The guitars of Derrick Vella and Payson Power dominate The Enduring Spirit, guiding the listener through the slab’s whipsaw changes with skill and aplomb. The pair crafts riffs and leads that skitter toward and away from the underlying compositions in novel and even stunning ways. They navigate a host of tones and styles and engineer maybe a half-dozen moments that had me repeat the track as soon as it ended so I could absorb what I just heard. The crystalline, pulsing riff at 4:30 of “Will of Whispers” continues under the song’s phantasmagoric mid-section. The searing rock-drenched solos that elevate “Fate’s Tangled Thread” give way to the echoey, spaced-out lead lines of “Flesh as Armor”–and when you think the twin axemen have emptied their bag of tricks, Vella and Power unleash the mod stylings that accompany “Servant of Possibility.” The guitar work on The Enduring Spirit is evocative, challenging in all the right ways, and just an enormous amount of fun throughout.

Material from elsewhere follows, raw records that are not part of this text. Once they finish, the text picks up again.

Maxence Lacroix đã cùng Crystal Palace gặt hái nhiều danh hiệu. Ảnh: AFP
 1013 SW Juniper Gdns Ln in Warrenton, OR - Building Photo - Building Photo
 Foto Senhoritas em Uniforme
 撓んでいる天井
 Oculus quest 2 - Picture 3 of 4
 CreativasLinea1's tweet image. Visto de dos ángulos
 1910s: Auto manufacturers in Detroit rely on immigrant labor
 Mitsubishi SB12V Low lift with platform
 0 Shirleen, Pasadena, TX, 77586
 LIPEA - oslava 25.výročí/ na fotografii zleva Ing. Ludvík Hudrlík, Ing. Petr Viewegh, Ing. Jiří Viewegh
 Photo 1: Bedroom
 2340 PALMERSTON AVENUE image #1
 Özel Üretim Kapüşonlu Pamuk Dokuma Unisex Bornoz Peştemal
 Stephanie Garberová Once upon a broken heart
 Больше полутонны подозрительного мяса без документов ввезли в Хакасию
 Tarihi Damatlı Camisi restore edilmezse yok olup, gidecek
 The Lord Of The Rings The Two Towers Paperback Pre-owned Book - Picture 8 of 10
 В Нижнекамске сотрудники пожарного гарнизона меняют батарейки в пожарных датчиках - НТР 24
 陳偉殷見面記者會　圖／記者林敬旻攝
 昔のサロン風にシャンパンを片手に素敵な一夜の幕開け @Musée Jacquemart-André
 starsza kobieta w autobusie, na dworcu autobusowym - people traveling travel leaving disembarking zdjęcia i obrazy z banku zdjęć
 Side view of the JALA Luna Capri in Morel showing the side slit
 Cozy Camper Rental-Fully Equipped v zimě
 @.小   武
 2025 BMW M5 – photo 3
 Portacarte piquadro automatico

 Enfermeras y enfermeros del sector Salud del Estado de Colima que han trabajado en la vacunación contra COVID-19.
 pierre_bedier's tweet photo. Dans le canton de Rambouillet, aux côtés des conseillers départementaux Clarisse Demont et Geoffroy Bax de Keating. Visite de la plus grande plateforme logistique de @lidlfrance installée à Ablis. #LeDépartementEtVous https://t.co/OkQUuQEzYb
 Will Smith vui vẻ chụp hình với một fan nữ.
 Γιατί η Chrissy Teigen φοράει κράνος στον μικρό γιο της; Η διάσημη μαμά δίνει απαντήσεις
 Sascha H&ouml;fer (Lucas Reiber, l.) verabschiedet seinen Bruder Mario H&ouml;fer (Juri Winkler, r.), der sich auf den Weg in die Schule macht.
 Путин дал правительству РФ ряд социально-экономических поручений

There are flashes of the old Tomb Mold on The Enduring Spirit. “Flesh as Armor” drops a monster groove on your head at the 1:30 mark, as if to remind the Undeaths of the world that Tomb Mold still knows how it’s done. The album might have found a few more moments like this–and it might have carved out space for them by trimming eleven-minute closer “The Enduring Spirit of Calamity.” The soloing in the second half of that song is the one spot on the record that feels aimless and indulgent. For all the expansion of the outfit’s sound, Max Klebanoff’s vocals remain one-note death growls. Still: you’re unlikely to dwell on those nitpicks while unlocking the charms of The Enduring Spirit.

Tomb Mold’s latest announces them as a band that will have not just albums, but eras. There may yet be room for them to grow in this new epoch, but The Enduring Spirit sets a high bar for whatever comes next. Tomb Mold has passed from their exploration of old-school death into life as a progressive death metal act, making the transition with style and their sense of adventure intact. The Enduring Spirit isn’t what I wanted or expected from the outfit, but it turns out to be exactly what I need.


Rating: 4.0/5.0

Show 1 footnote

  1. I know, I know: old school death metal doesn’t need elevating. But even so: Tomb Mold is to OSDM as A24 is to horror.